Task description
Having located the line with "Trois heures, l'heure", print it and each remaining line exactly, stopping at the end of the material and omitting pictures.

-------- Input --------

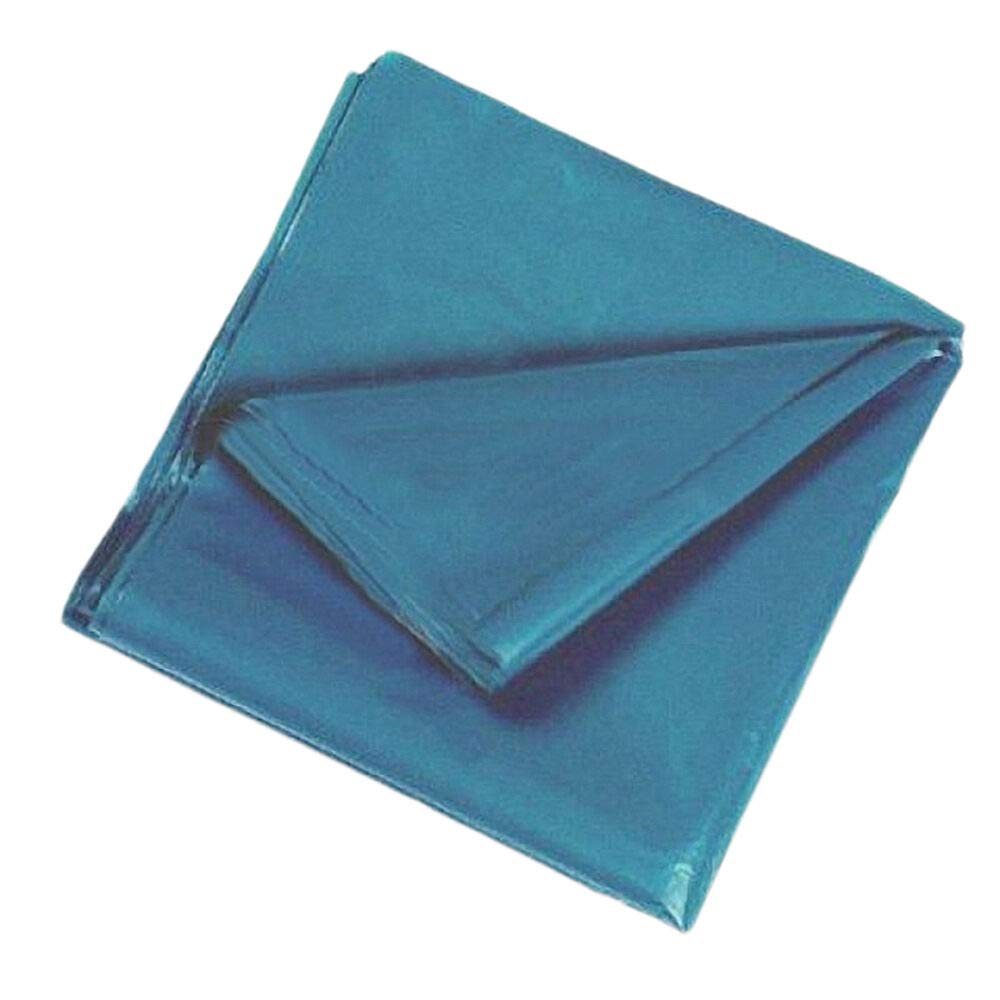 100 Stk. Müllsäcke 240 l, Home&Office T80 Classic, blau *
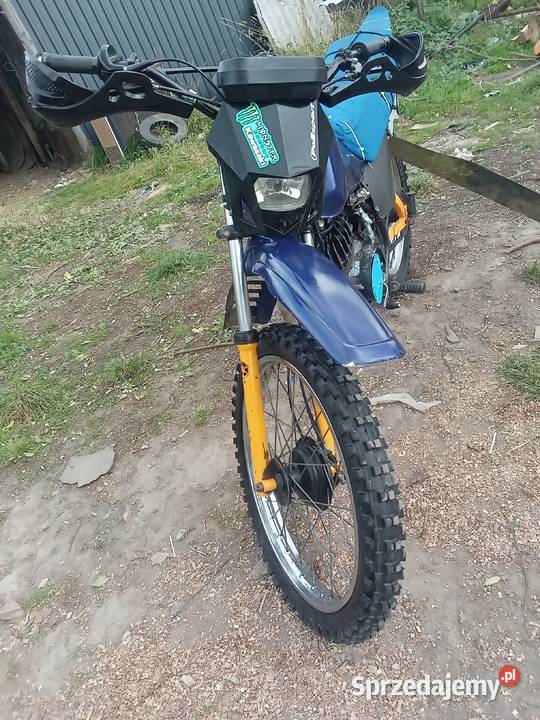 Yamaha dt 90 Jakubowice sprzedam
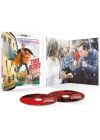 Trois heures, l'heure du crime (Combo Blu-ray + DVD) - Blu-ray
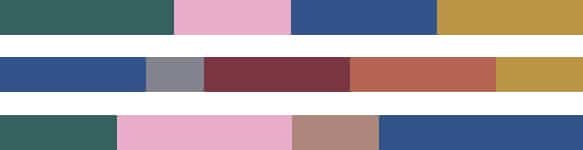 Um cadinho intrigante e aventureiro de gostos e cores que remontam a temperos naturais, condimentos e comidas azuis. Alimentos azuis, parecidos com a PANTONE 19-4052 Classic Blue, são ricos em antocianinas, uma forma de proteção à boa saúde, que ajuda a construir uma base sólida através da sua relação com o bem-estar e o autocuidado.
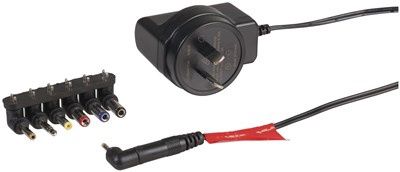 MP3144 - MAINS ADPT SMPS 5VDC 1A SLIM 7DC PLG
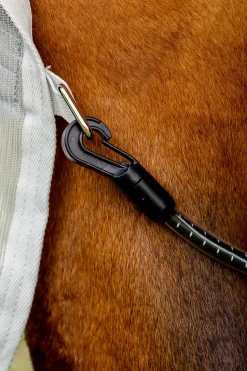 Couverture Horseware Amigo Ameco Combi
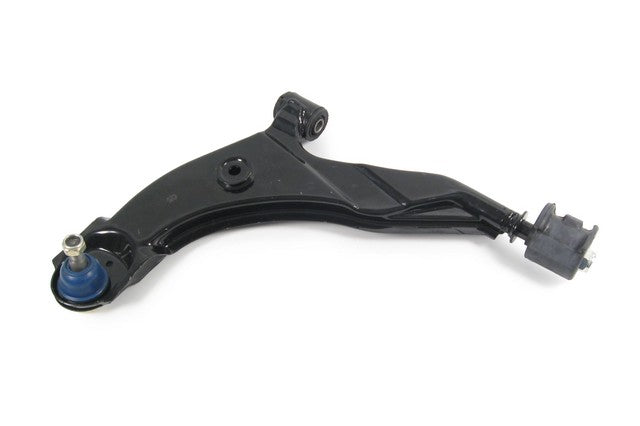 Suspension Control Arm and Ball Joint Assembly Mevotech CMS20416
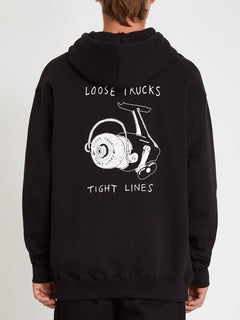 Loose Trucks Hoodie - Black (A4112108_BLK) [F]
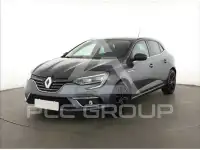 2016 Renault Megane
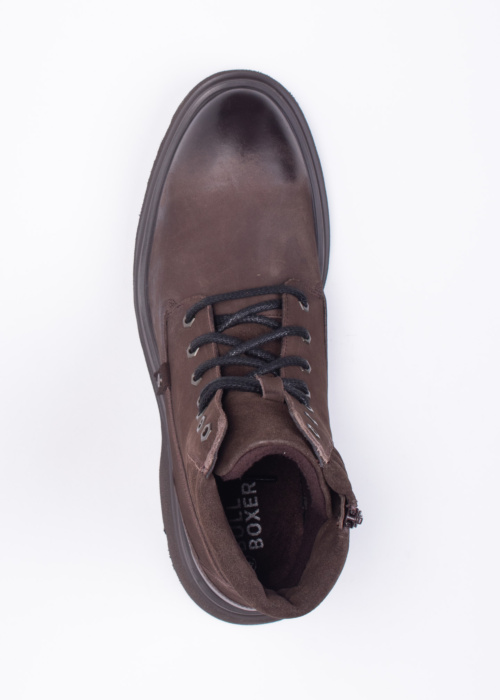 Bullboxer puszābaki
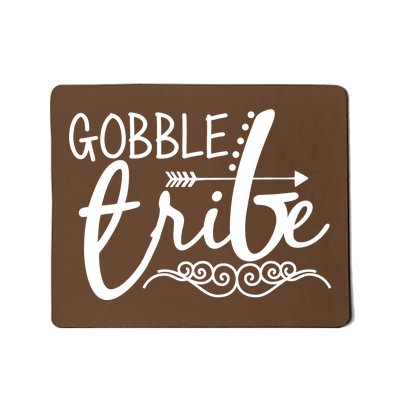 Gobble Tribe Mousepad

--------

Solution for this exercise
 Trois heures, l'heure du crime (Combo Blu-ray + DVD) - Blu-ray
 Um cadinho intrigante e aventureiro de gostos e cores que remontam a temperos naturais, condimentos e comidas azuis. Alimentos azuis, parecidos com a PANTONE 19-4052 Classic Blue, são ricos em antocianinas, uma forma de proteção à boa saúde, que ajuda a construir uma base sólida através da sua relação com o bem-estar e o autocuidado.
 MP3144 - MAINS ADPT SMPS 5VDC 1A SLIM 7DC PLG
 Couverture Horseware Amigo Ameco Combi
 Suspension Control Arm and Ball Joint Assembly Mevotech CMS20416
 Loose Trucks Hoodie - Black (A4112108_BLK) [F]
 2016 Renault Megane
 Bullboxer puszābaki
 Gobble Tribe Mousepad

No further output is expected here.